We also directly compared LLM-generated summaries with human-written summaries of the same articles. Using regression analyses, we found that the LLM-generated summaries were about five times more likely to contain overly broad conclusions than the human-authored ones.
Your study found that newer versions of AI chatbots tended to perform worse in generalization accuracy than older models, with the exception of ChatGPT-4.5 (which was still in development at the time of the study). What can this tell us about why chatbots are so susceptible to over-generalization?
We don’t yet have a clear answer as to why new models performed worse. But it might be that these models prioritize generating plausible-sounding, confident responses over precise and cautious ones to appear more helpful.
Newer models often undergo extensive fine-tuning based on human feedback before their wider release. During this process, responses that sound more confident (or more broadly, universally relevant) may be rated more favorably by users than more narrowly framed or tentative ones. As a result, to seem more helpful, newer models may develop a stronger tendency to overgeneralize claims in their summaries – making them appear more informative or relevant, even when the evidence does not support such conclusions. In other words, their perceived helpfulness may come at the cost of accuracy through overgeneralization.
Can using a better chatbot prompts help negate this issue? For example, by explicitly asking for accuracy?
Yes, thinking carefully about which prompt to use could help. However, we found that explicitly asking LLMs to avoid inaccuracies actually increased the likelihood of overgeneralized summaries. In some cases, this “accuracy prompt” doubled the risk of generalization.
This counterintuitive result might reflect an “ironic rebound” effect, where directing the model to avoid a behavior inadvertently increases its occurrence, or it might simply trigger the model to fall back on familiar patterns that sound authoritative. So, simply prompting for accuracy might not reliably mitigate the problem and may even exacerbate it. More research on which prompts work and don’t work is needed to provide a confident answer.
What can be done to combat this oversimplification problem?
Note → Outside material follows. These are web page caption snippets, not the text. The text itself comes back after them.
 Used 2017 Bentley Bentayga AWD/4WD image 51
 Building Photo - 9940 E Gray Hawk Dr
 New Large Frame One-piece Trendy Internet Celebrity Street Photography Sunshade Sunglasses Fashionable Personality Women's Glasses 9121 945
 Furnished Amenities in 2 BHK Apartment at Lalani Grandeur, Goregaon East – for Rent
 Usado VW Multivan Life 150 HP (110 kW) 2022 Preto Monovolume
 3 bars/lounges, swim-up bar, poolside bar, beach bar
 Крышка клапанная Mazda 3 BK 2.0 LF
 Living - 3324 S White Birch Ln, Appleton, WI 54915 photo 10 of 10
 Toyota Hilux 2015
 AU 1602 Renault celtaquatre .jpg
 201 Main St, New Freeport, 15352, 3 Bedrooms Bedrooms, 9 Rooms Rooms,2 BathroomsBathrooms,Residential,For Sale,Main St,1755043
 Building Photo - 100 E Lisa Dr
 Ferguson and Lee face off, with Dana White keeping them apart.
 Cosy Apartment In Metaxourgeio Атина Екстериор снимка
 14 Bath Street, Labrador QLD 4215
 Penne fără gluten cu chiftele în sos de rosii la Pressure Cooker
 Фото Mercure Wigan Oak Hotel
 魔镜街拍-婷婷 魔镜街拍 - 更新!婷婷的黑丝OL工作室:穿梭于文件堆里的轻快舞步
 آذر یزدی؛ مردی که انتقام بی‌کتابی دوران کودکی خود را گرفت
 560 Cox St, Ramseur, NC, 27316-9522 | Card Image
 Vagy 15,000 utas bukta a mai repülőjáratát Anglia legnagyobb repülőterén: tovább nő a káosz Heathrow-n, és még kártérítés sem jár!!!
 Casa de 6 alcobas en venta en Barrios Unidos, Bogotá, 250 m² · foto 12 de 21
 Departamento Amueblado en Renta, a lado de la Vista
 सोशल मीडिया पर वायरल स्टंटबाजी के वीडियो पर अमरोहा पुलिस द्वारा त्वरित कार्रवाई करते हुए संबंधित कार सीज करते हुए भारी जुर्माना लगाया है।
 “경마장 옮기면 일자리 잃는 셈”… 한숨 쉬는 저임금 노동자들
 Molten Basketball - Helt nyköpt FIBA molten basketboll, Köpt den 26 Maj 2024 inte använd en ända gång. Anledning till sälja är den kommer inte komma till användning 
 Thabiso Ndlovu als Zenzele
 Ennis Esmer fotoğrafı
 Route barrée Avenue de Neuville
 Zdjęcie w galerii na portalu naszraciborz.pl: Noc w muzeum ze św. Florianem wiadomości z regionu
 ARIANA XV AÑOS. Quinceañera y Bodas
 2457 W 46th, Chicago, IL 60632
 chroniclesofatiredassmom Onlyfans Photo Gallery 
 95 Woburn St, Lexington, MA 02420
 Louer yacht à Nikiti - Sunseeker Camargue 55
Here are some suggestions that we also touch on in our paper. First, using low-temperature settings (such as temperature 0) when generating LLM summaries via an application programming interface (API) can help, as lower temperatures reduce randomness and make outputs more faithful to the source material.
Second, users might prefer models like Claude, which our study found to be more accurate and less prone to overgeneralization than other leading models.
Third, we think that science communicators, researchers, students, and educators should critically evaluate AI-generated summaries and compare key aspects of them against the original research – especially when precision and accuracy are crucial – before using, sharing, or publishing them.
Finally, LLM developers could implement and test their models with benchmarking frameworks like the one we introduce in the study, which involves scanning LLM outputs for overgeneralizations (e.g., shifts from quantified to unquantified claims [generics] or present-tense shifts that were not present in the original text), and then assigning a performance score to the model.
More generally, we think that LLMs offer clear benefits in simplifying complex scientific content, because this can make science more accessible to people worldwide. But this simplification should be approached with caution. The problem we uncovered isn’t necessarily about fabricating facts; it’s about stretching true ones beyond their warranted limits. As LLMs become more integrated into education, journalism, and healthcare, it’s important to develop and follow best practices that ensure that these AI tools strike the right balance between accuracy and accessibility of scientific information, especially when lives or policies may be affected by misinterpretation of scientific research.